Dans la « ville venteuse » et ses larges artères, Ruth Chepngetich s’est vu pousser des ailes. La Kényane de 30 ans a survolé le marathon de Chicago, dimanche 13 octobre, bien accompagnée par sa généreuse foulée, quelques lièvres, et les pensées de tout un pays. Car c’est là, dans la capitale de l’Illinois, que son compatriote Kelvin Kiptum avait frôlé, un an plus tôt, la mythique barre des deux heures, bouclant les 42,195 km en 2 h 00 min 35 s, record du monde à la clé.
Mais le coureur n’était pas au départ. Il est mort dans un accident de voiture, à 24 ans, au mois de février. De quoi rendre encore plus symbolique ce moment où le chrono de Ruth Chepngetich s’est arrêté, affichant 2 h 09 min 57 s : la nouvelle référence planétaire chez les dames. L’Ethiopienne Sutume Kebede a pris la deuxième place loin, très loin, en 2 h 17 min 32 s.

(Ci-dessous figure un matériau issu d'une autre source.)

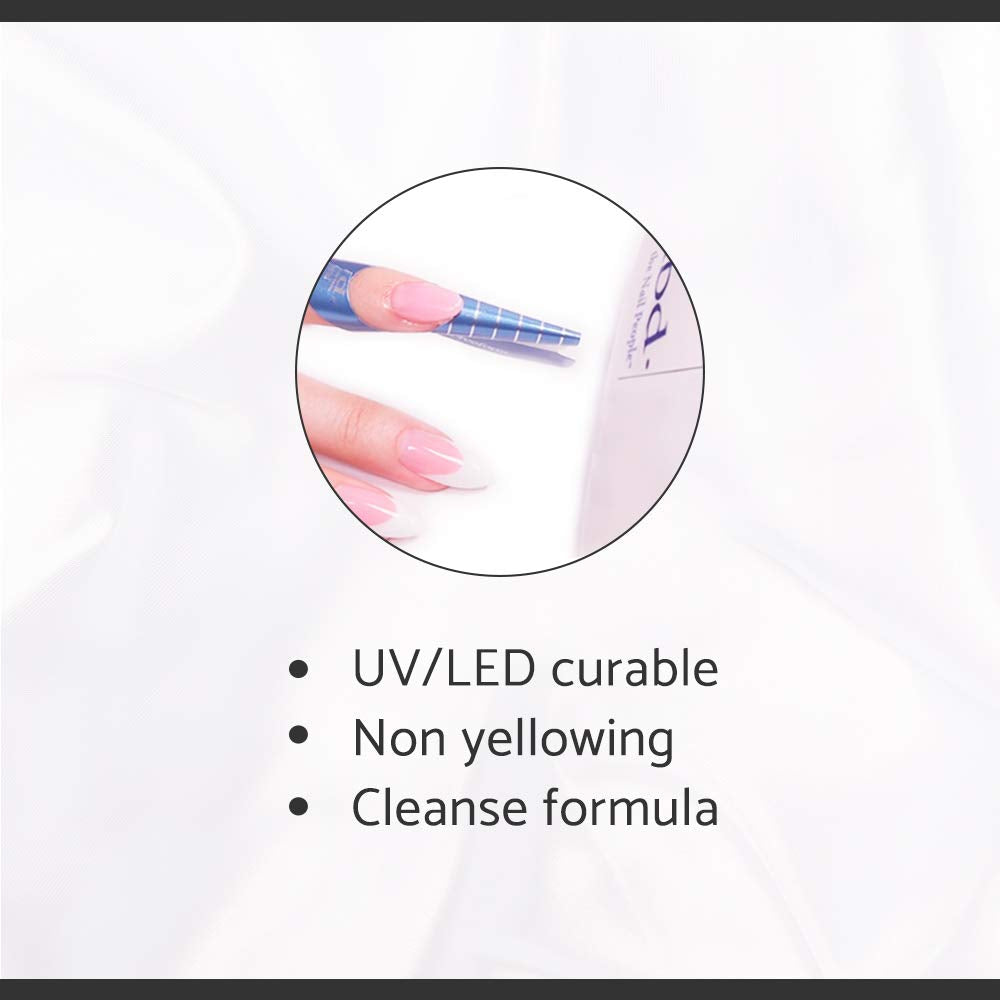 IBD Building Gel, Hard Gel Nail Extension, Soak-Off UV/LED Finish, Nail Strengthener Polish, Top Coat 0.5 fl oz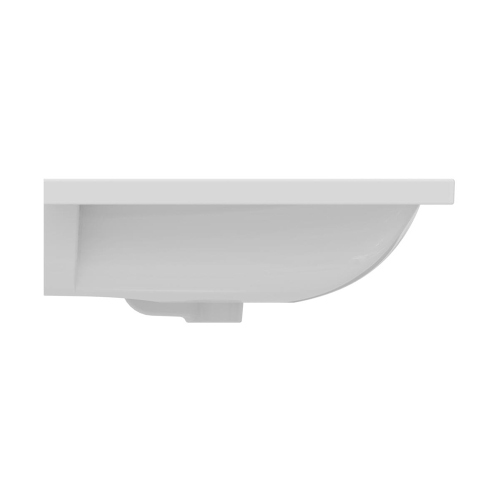 Immagine di Ideal Standard I.LIFE B set L.100 cm con mobile sottolavabo, finitura quercia scura, lavabo, colore bianco finitura lucido, specchio rettangolare T5275NW+T460301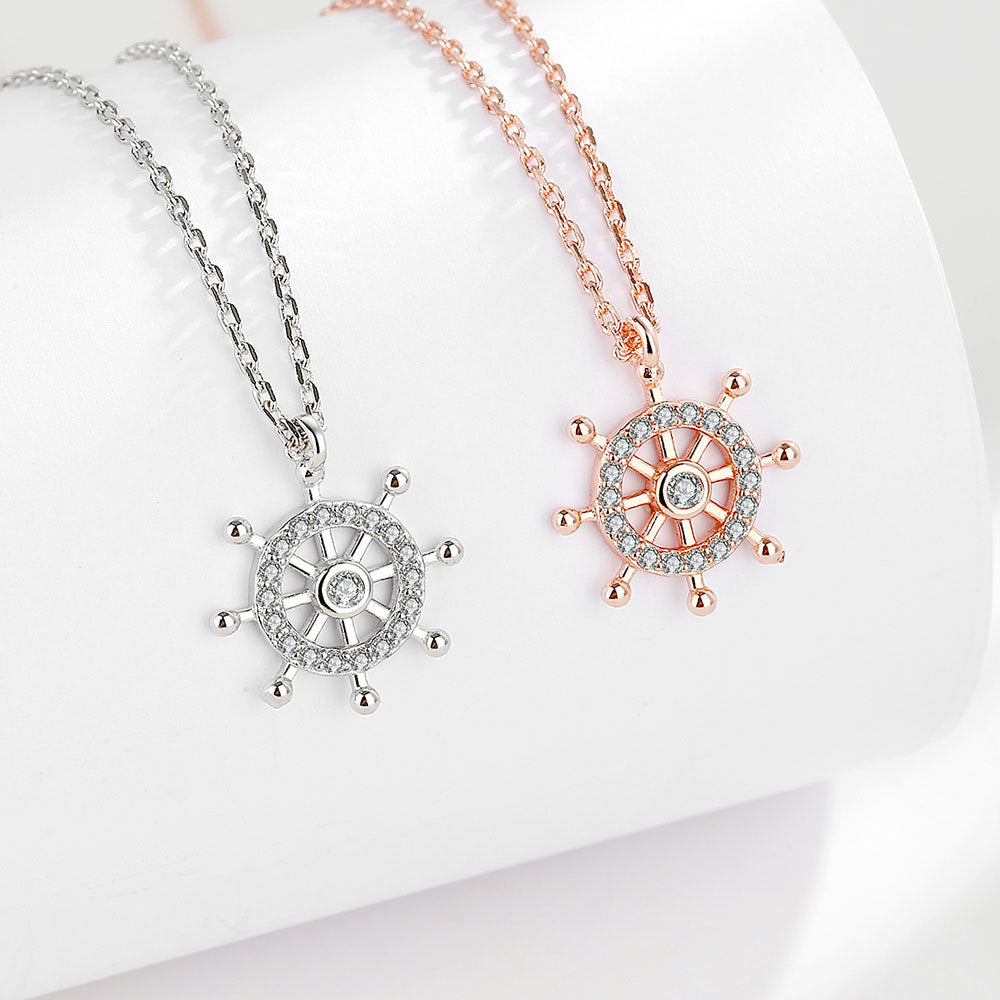 Women's Vintage Rudder Fashionable Pendant Simple Grace Personality Clavicle Chain Necklaces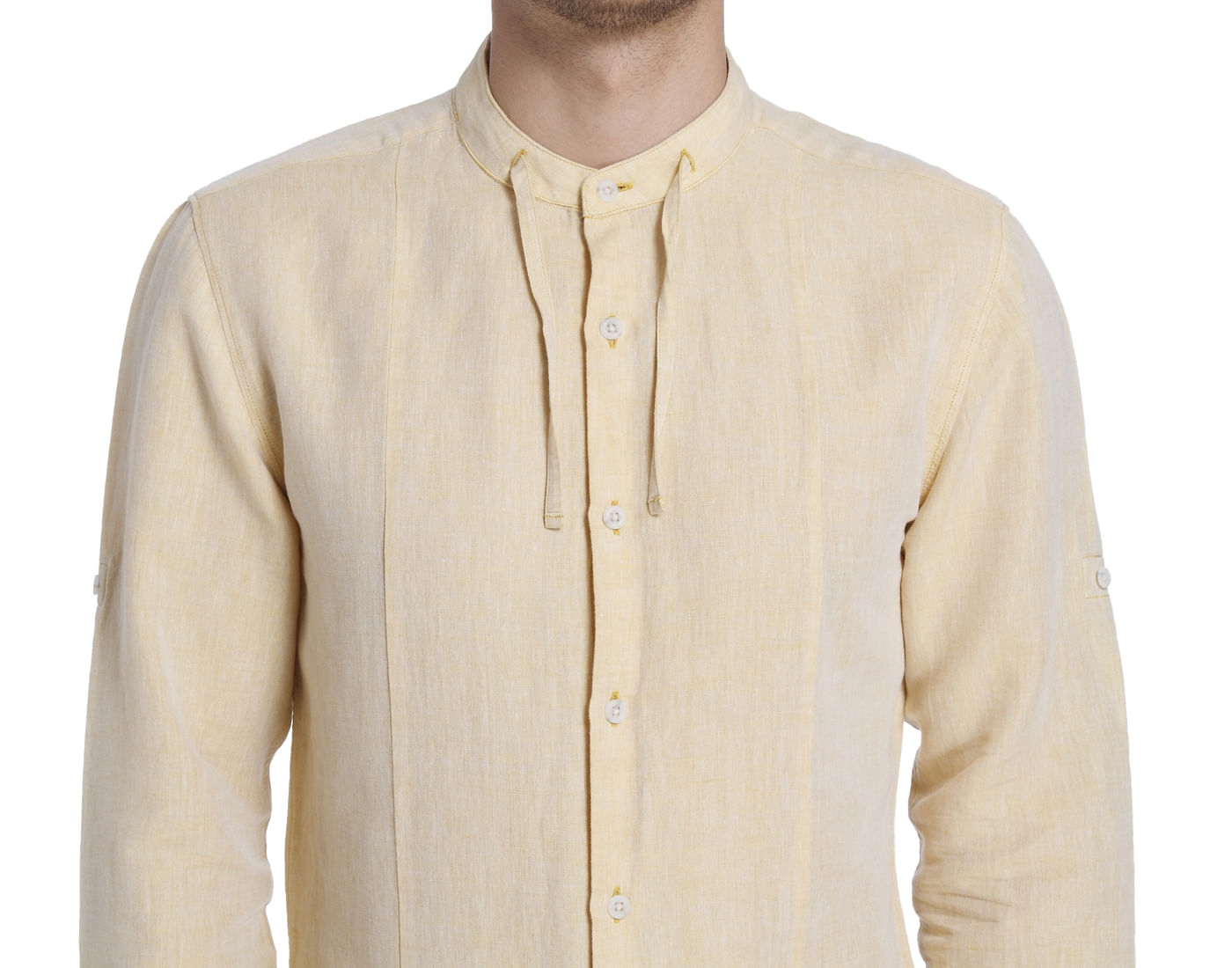 Casual Solid Linen Shirt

Cerise sur le gâteau, Ruth Chepngetich a pu compter sur les encouragements de son compatriote John Korir dans les derniers mètres de son effort. Le coureur 27 ans, qui avait franchi la ligne d’arrivée, quelques minutes avant elle, avec décontraction et un excellent temps (2 h 02 min 43 s) pour s’offrir son premier succès dans l’un des six marathons majeurs. Son accélération aux trois quarts du parcours a été redoutable : aucun de ses rivaux n’a été capable de le suivre.
Particulièrement attendue à Chicago – où elle s’était déjà imposée en 2021 et 2022, enregistrant ses deux meilleures performances personnelles ; son record jusqu’alors s’établissait à 2 h 14 min 18 s –, Ruth Chepngetich a dicté une allure intenable à ses principales adversaires. « Je suis très fière de moi, a-t-elle réagi. J’avais ce record du monde en tête, c’était mon rêve, et aujourd’hui tout était parfait : la météo, et ma préparation. » C’est la première fois qu’une coureuse boucle la distance en moins de 2 h 10 min, l’ancienne référence, établie le 24 septembre 2023 à Berlin par l’Ethiopienne Tigist Assefa, était de 2 h 11 min 53 s.
« Je dédie ce record à Kelvin »
Essoufflés, mais souriants autant qu’émus, les vainqueurs du jour se sont couverts du drapeau kényan avant d’enchaîner les poses pour immortaliser ce moment forcément suspendu. Avec une pensée pour leur compatriote absent. « Je dédie ce record à Kelvin [Kiptum], lui aussi avait battu un record du monde ici et il aurait pu encore en battre un », a déclaré Ruth Chepngetich.
Un large hommage lui avait d’ailleurs été rendu avant le départ, notamment aux travers d’autocollants portés par les participants. L’histoire tragique d’un coureur plein de promesses qui ne pourront voir le jour. Les circonstances de son accident continuent d’ailleurs de nourrir les rumeurs et des doutes dans son pays, comme dans le monde de l’athlétisme.
Une autre absence a été aussi remarquée lors de cette édition. La Néerlandaise Sifan Hassan, championne olympique en titre de la distance – et médaillée de bronze sur le 5 000 m et le 10 000 m des Jeux de Paris –, n’a pas pris le départ de la course.
Le dernier marathon majeur de la saison aura lieu à New York, le 3 novembre. La grille devrait être plus garnie, avec désormais de nouvelles marques en tête et peut-être, de nouveaux exploits.